I. Admission of Evidence

A. Warrantless Search of the Black Bag

Before determining the validity of the search warrant and admissibility of any evidence seized as a result, we must first determine if the search of the black bag was legal. We hold that it was not. Arkansas Rule of Criminal Procedure 12.5 (2001), is applicable in this case. Rule 12.5 states the following:

SEARCH OF PREMISES: PERMISSIBLE CIRCUMSTANCES, TIME AND SCOPE.
(a) If at the time of the arrest:
(i) the accused is in or on premises all or part of which he is apparently entitled to occupy; and
(ii) in view of the circumstances the officer has reason to believe that such premises or part thereof contain things which are:
(A) subject to seizure; and
(B) connected with the offense for which the arrest is made;
and
(C) likely to be removed or destroyed before a search warrant can be obtained and served; the arresting officer may search such premises or part thereof for such things, and seize any things subject to seizure.
(b) Search of premises pursuant to subsection (a) shall only be made contemporaneously with the arrest, and search of building interiors shall only be made consequent upon an entry into the building made in order to effect an arrest therein. In determining the necessity for and scope of the search to be undertaken, the officer shall take into account, among other things, the nature of the offense for which the arrest is made, the behavior of the individual arrested and others on the premises, the size and other characteristics of the things to be searched for, and whether or not any such things are observed while making the arrest.

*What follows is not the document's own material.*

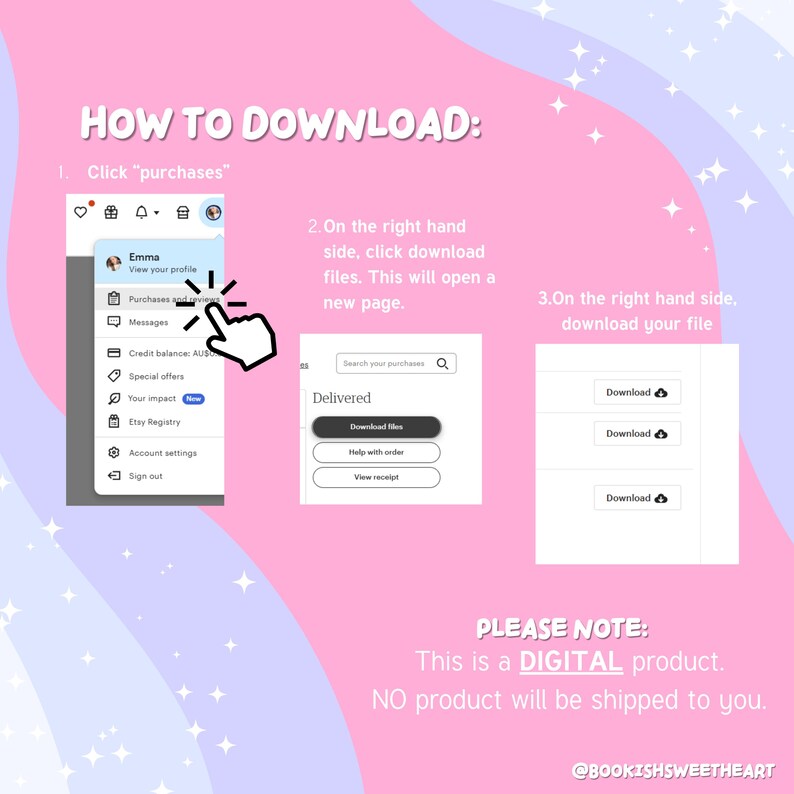 May include: An instructional graphic on a pink and blue background titled HOW TO DOWNLOAD. It shows three steps: clicking purchases, selecting download files, and downloading the file. It includes a note that this is a digital product.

In this case, there was no evidence to show that entry into the black bag was necessary to prevent the destruction of evidence. In its ruling, the trial court stated:

If, if the evidence found in the black bag, the cocaine found in the black bag, were being introduced as a result of that search, and that search alone, the court would have some problems with that search, particularly in the face of a denial of consent and the fact that the court doesn’t see much exigent circumstances insofar as the defendants were handcuffed, they didn’t have access to the bag, the officers had already ascertained that there was no one else in the house to pose any threat.

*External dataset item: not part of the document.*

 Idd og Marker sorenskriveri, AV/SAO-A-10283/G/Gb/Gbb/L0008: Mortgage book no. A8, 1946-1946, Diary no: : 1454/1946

Furthermore, there was testimony by the three federal marshals present at the scene that both Lauderdale and McClendon were handcuffed and seated on the couch. Marshal Bradbury testified that at this point there was no threat of Mr. Lauderdale or Mr. McClendon doing any harm to the officers, and that it was safe to assume that neither one had the ability to remove any evidence from the apartment or from the black bag. Marshal Boock testified that once under arrest, neither individual had any ability to do harm to the officers. Officer Richardson, the officer who conducted the search of the black bag, testified that when he arrived, both Mr. Lauderdale and Mr. McClendon were handcuffed and on the couch; and that he did not fear any physical threat to any of the officers when he began to search the black bag. Nonetheless, Officer Richardson stated that he was looking for weapons. Based on the foregoing facts, we conclude that the search of the black bag was illegal.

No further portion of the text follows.